• [Directions for this task]: Drop every picture, then transcribe the remaining data exactly.

─── Source data ───

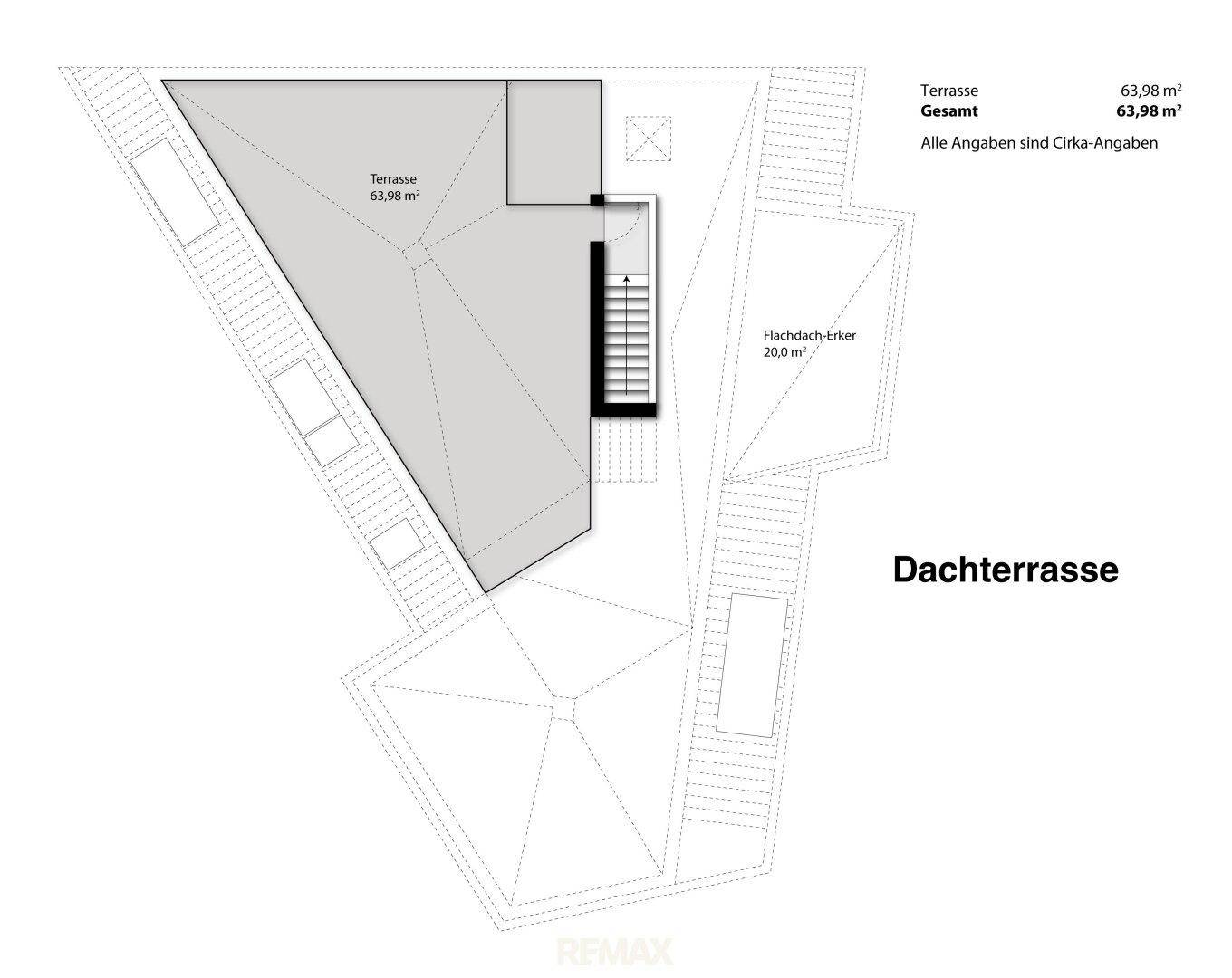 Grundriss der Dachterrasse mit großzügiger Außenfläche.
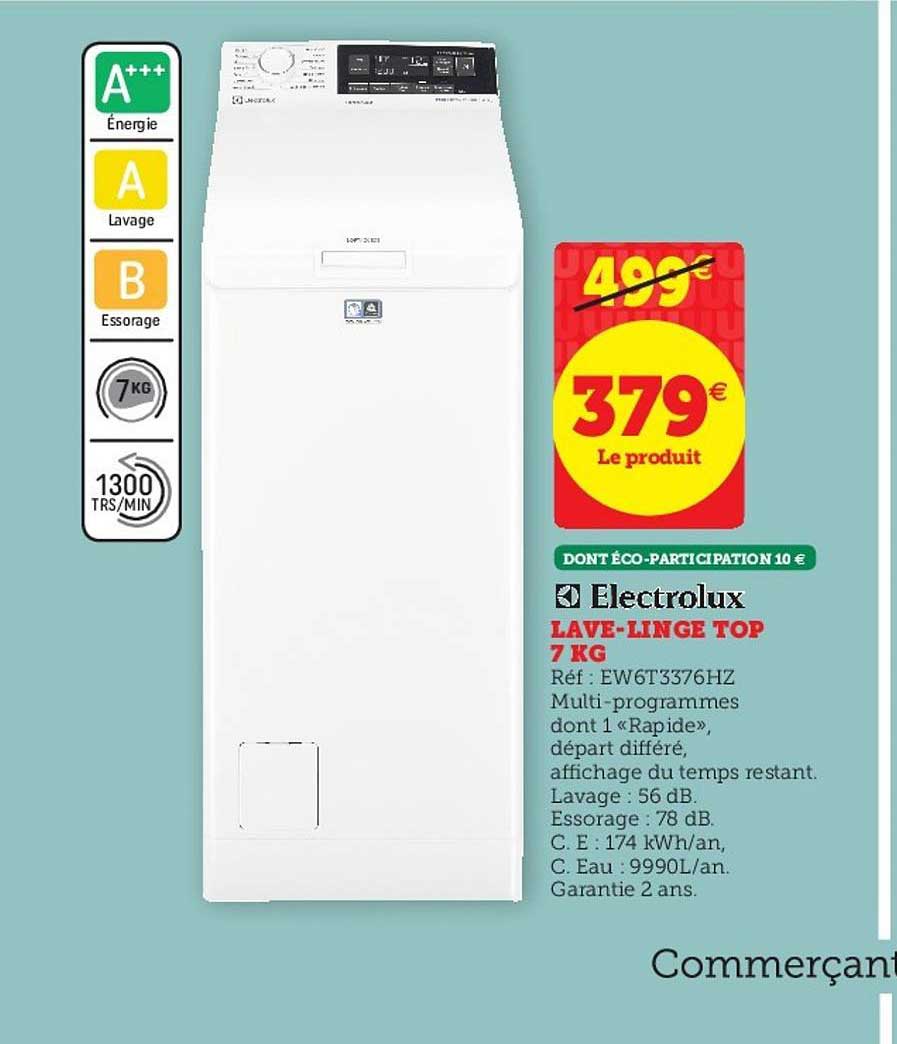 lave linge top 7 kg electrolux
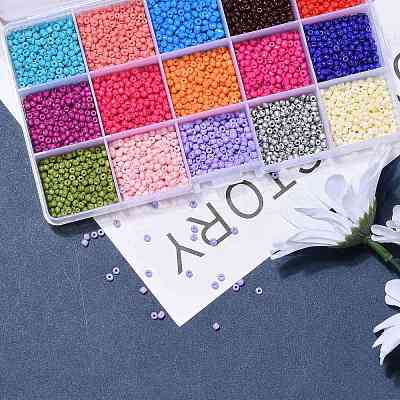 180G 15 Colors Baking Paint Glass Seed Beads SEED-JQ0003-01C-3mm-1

───

• [Response]:
 Grundriss der Dachterrasse mit großzügiger Außenfläche.
 lave linge top 7 kg electrolux
 180G 15 Colors Baking Paint Glass Seed Beads SEED-JQ0003-01C-3mm-1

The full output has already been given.